Suitors don’t carry knives.
Mr.
Steele pushed the door open wider, inviting in a breeze that circulated through
the room. She knew why she’d been attracted to him. He looked and moved like
royalty. His dark hair curled away from his forehead and his lean muscles
rippled beneath his breeches. She thought of his laughter, the lilt of his
voice when he asked if he could call, the gleam in his eye when she’d accepted
his gift. Verity fingered the silver charm, a four-leaf clover, he’d given her.
She’d tied it with a ribbon and wore it around her neck. Why hadn’t she taken
it off when she’d denied his suit? When had she become suspicious of his
flattery? Why was she not surprised to find him in her room past midnight
wielding a knife?
Of
course, he’d been angry and insulted that a mere shop girl would reject his
favors. Impoverished girls without families and connections should fawn over a handsome,
wealthy, and prominent man such as Steele, but Verity wasn’t typical, and she
wasn’t as impoverished as she pretended to be. And so, when Mr. Steele had
invited her on a voyage to South America without proposing marriage, she’d
turned him down.
Rumors
whispered Mr. Steele had also invited her friend Belle on such a voyage. Then
Belle had disappeared.
Verity
held her breath. Steele passed the pie safe and paused as if thinking.
Mustering strength from the muscles that spent long hours kneading dough and
beating eggs, gathering courage grown from burying first her mother and then
her father, Verity shoved the pie safe and it gave way with a creak and
shudder. The safe caught Mr. Steele on the shoulder and he stumbled under the
assault of the swinging doors and sailing pies. Apple, cherries, peaches, the
sweet cinnamony odors of Faye’s wares pelted Mr. Steele. He danced in the
pastry goop and landed hard on one knee. In a different circumstance, she’d
have laughed at his abandoned dignity and awkward bobbling, but now she stepped
into the fallen pastries with her mouth in a stern line, her anger as hot as
fire.
One
blow from the poker sent him to the floor. A second blow brought his arms over
his head. With the third, he winced, fell face first into the smashed pastries.
When
she stopped beating him, her arms were shaking and her breath ragged. Blood
oozed from behind his ear. His body sprawled in the spilled pies; his face
pressed against the floorboards. She nudged him with the poker, but he didn’t
stir. For a long moment, she stood above him, waiting for a sign of life.
Her
heart raced as she considered her options. The police? Would they believe her
plea of self-defense? She tried to imagine herself in a court of law, pitted against
a courtroom of men.
On
his side with his limbs at awkward angles and his eyes half shut, Steele lay
motionless in a mess of stewed fruit and crust. A smashed, oozing cherry clung
to his eyebrow. And then she noticed papers protruding from his jacket pocket.

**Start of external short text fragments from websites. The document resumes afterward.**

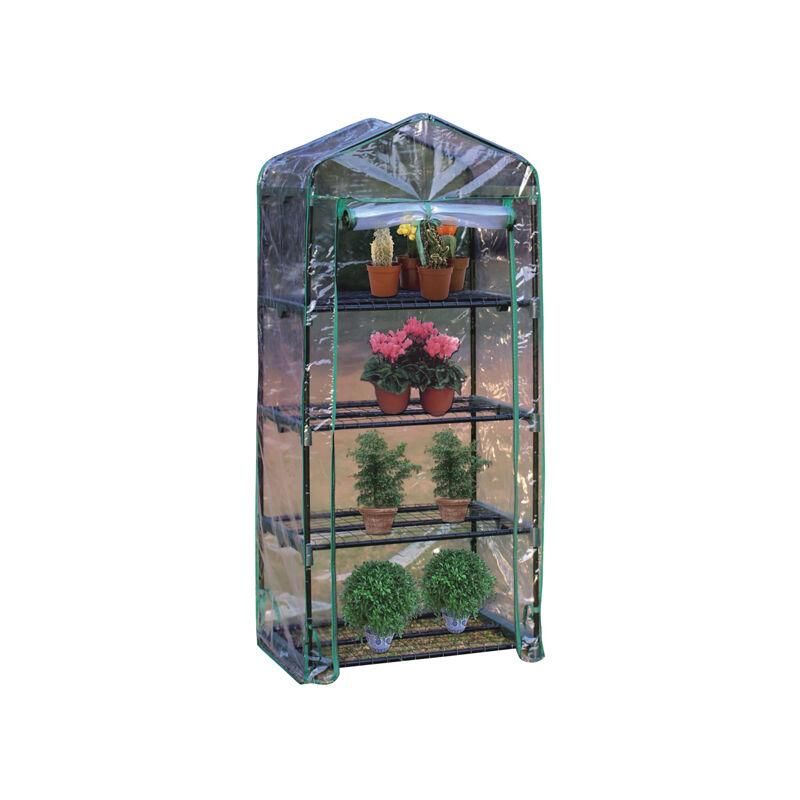 Kombo Garden - Serra a quattro ripiani con struttura in metallo verniciato e parti di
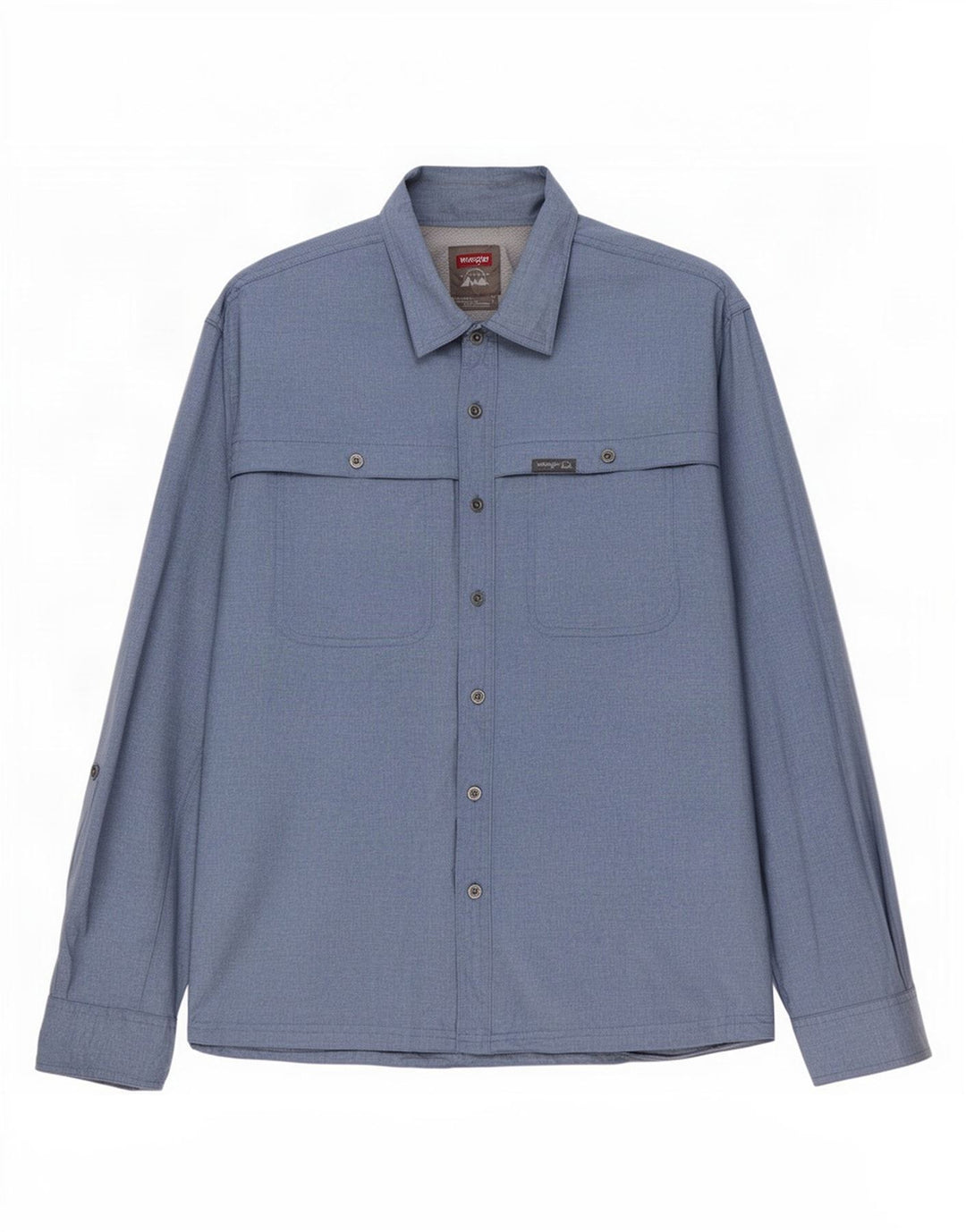 Camicia Wrangler da uomo vestibilità regolare XL blu poliestere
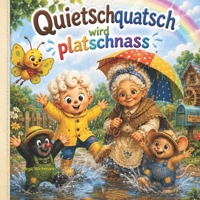 Quietschquatsch wird platschnass: Vorlese- und Geschichtenbuch (Geschichtenbuch zum Vorlesen für Kinder von 1 bis 4 Jahren) (German Edition) B0HDPV28PZ Book Cover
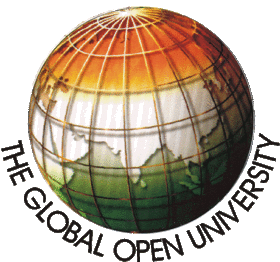 The Global Open University Nagaland  Logo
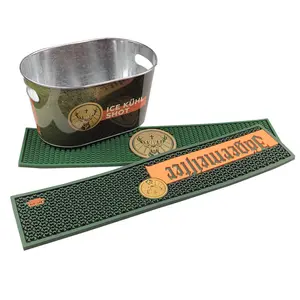 Jagermeister แผ่นยาง PVC กันลื่นแบบกำหนดเอง,แผ่นรองบาร์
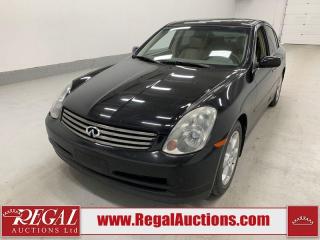 Used 2003 Infiniti G35  for sale in Calgary, AB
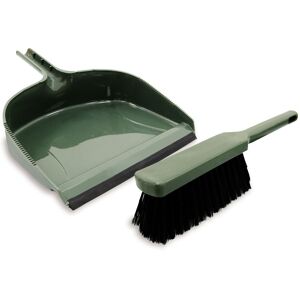 Libbi Lou Large Dustpan & Brush Set in Dark Green Dark Green Libbi Lou Large Dustpan & Brush Set in Dark Green Dark Green
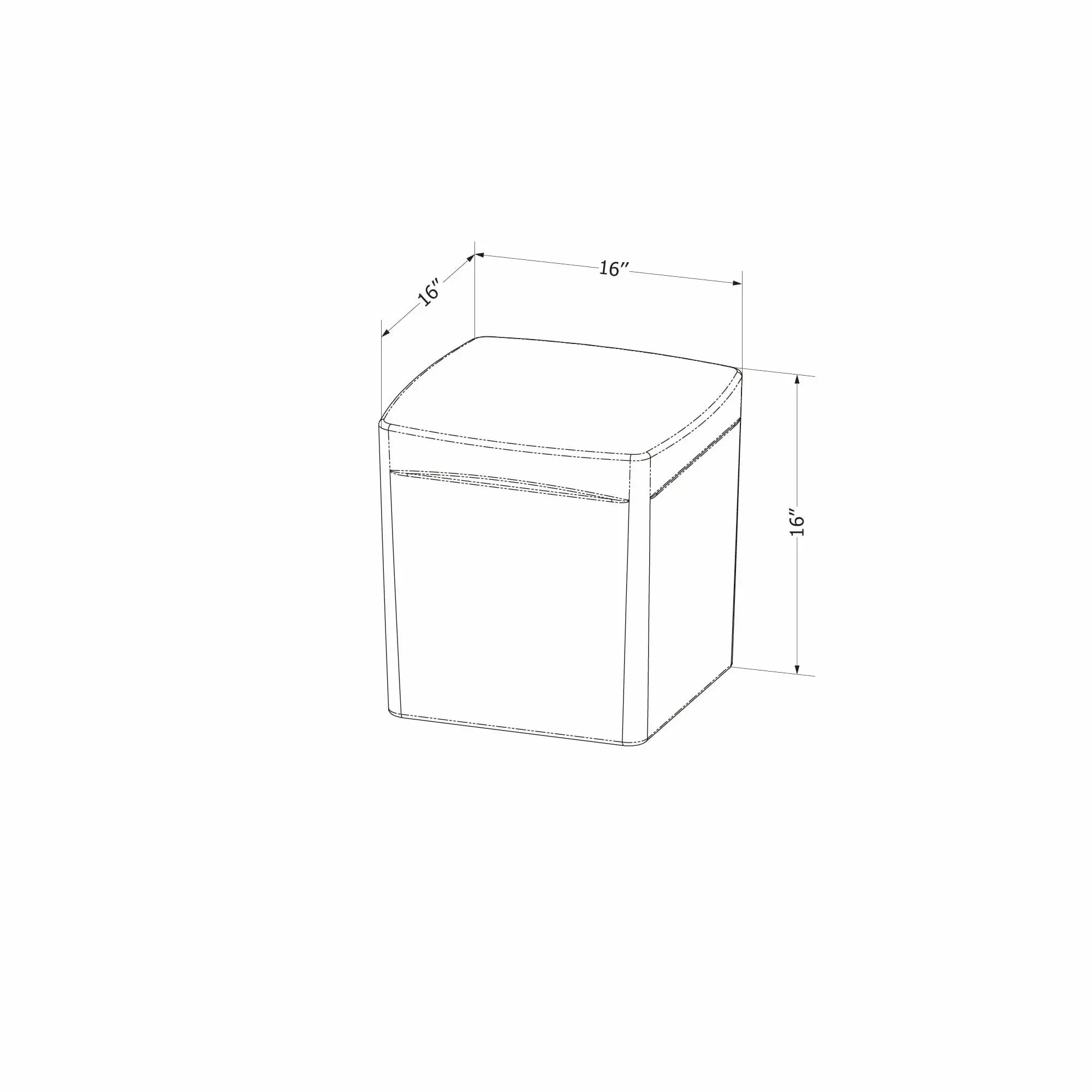 14427 Dalya Gray Square Outdoor Side Table-3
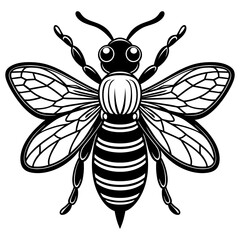 Bee outline silhouette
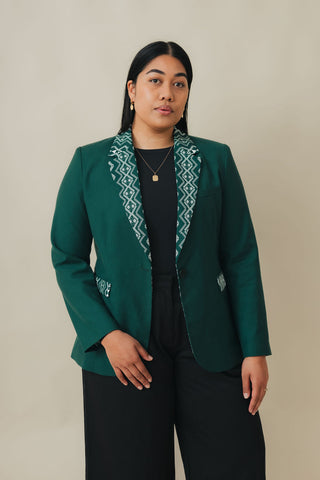 Rēhia Blazer | Pounamu Limited Edition – Pre-order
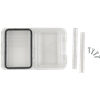 Fibox Inspection Window 4 Din Module Opening W78 x H50mm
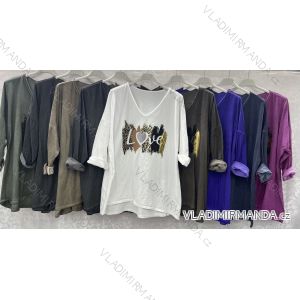 Women's Plus Size Long Sleeve T-Shirt (3XL/4XL ONE SIZE) ITALIAN FASHION IMWQ23105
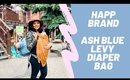 HAPP brand diaper bag | NEW Ash blue levy backpack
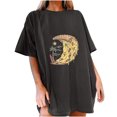 thumbnail image 1 of Birdeem T-Shirt Décontracté à Manches Courtes Imprimé Pizza d'Été pour Femmes, 1 of 7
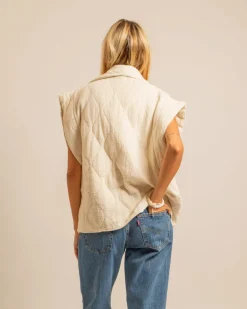 Brooklyn Gilet - Creme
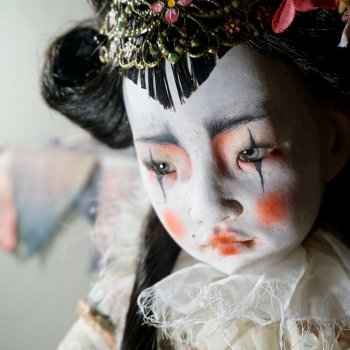 Beatrice Perini  большая шарнирная фарфоровая кукла ООАК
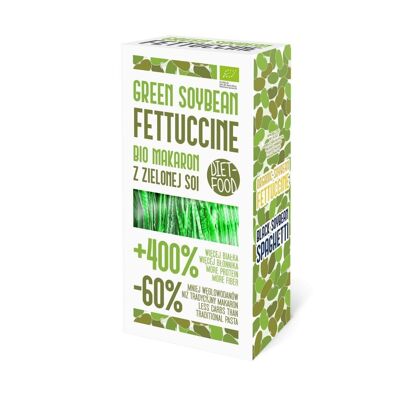 Fettuccine de nouilles vertes au soja Bio 200 g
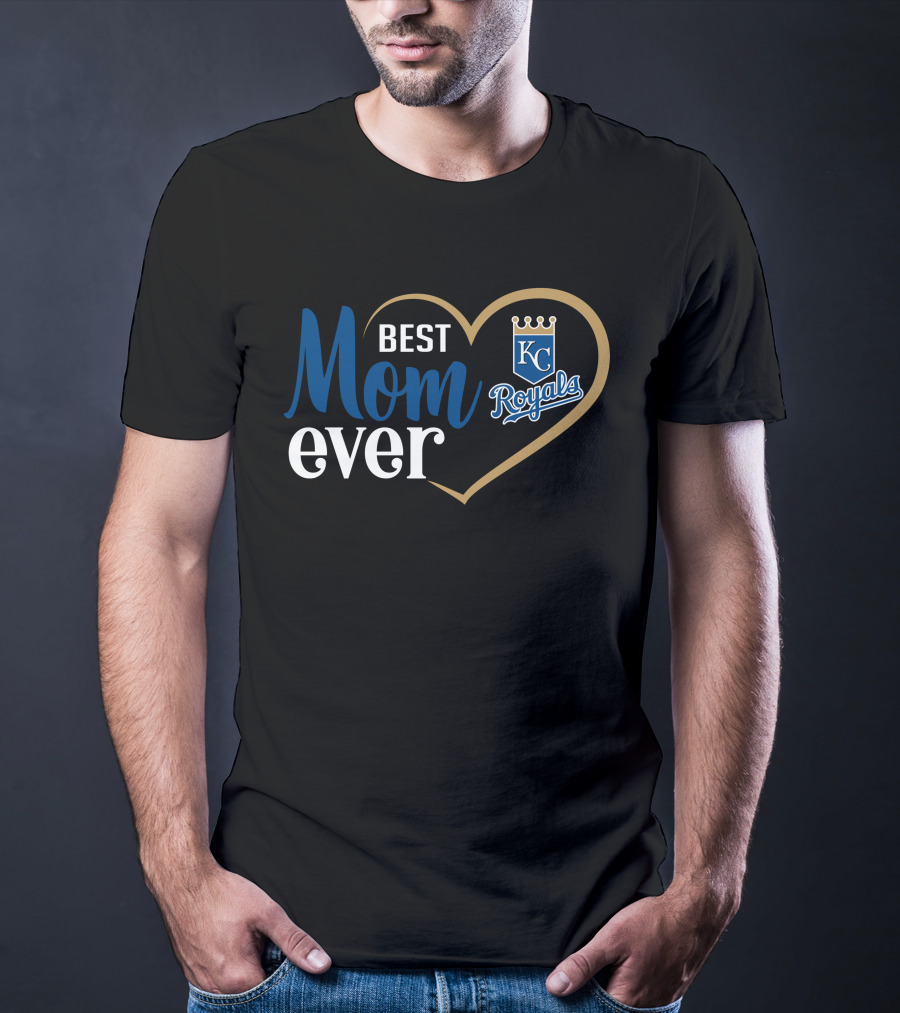 Kansas City Royals Best Mom Ever Heart T-Shirt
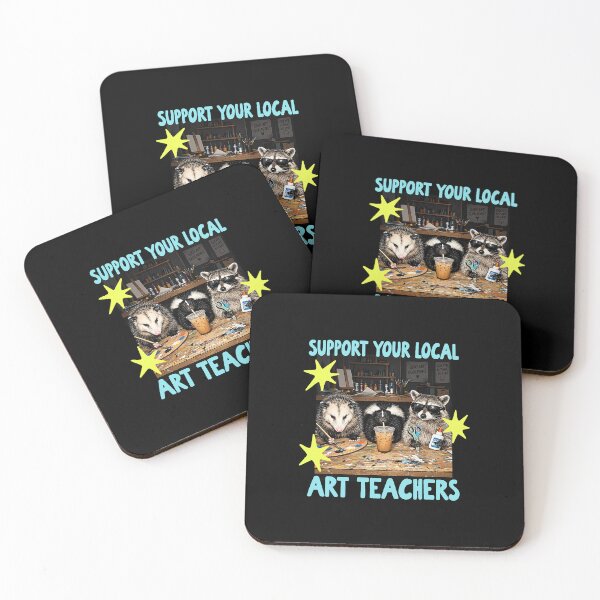 Item preview, Support Your Local Art Teachers Funny Raccoon Possum Studio designed and sold by barrycantre11.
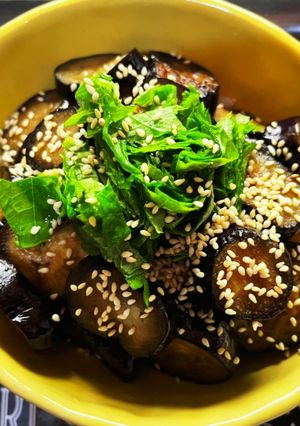 ナスたっぷりナス丼-レシピのメイン写真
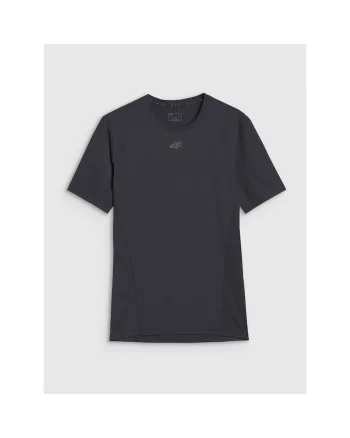 Tricou sport  antrenament, uscare rapida, negru, material sintetic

It looked like passage fare, and she considered it with a hammering heart.
Squatting
beside him, she drew the papers loose, her fingers shaking so badly the papers
caused a noisy breeze. A silver key slipped from the packet to the floor and
landed with a ping. The skeleton key had a curlicue top with embossed leaves
swirling around the words Lucky Island. The papers were first-class
passage to Seattle. It seemed Mr. Steele had been undeterred from the voyage
he’d proposed. The boat left at first light.
Seattle.
She
couldn’t.
She
had an aunt in Seattle.
She
mustn’t.
Silly
Tilly, her father had called his sister. Verity hadn’t met her aunt, but Silly
Tilly always remembered Verity’s birthday.
Why
not go? Verity turned her head away from the tiny sitting room and looked out
the window to the river. Hastily drawn plans formed in her mind. Perhaps Lucky
Island was in the Puget Sound. It sounded more fortuitous than Faye’s Bakery
off Elm. Would her aunt take her in? Verity had written Tilly of her father’s
death, but hadn’t, as yet, heard a reply. Perhaps an invitation was already in
the mail.
Verity
went to the wardrobe and tossed through her dresses, nothing seemed practical.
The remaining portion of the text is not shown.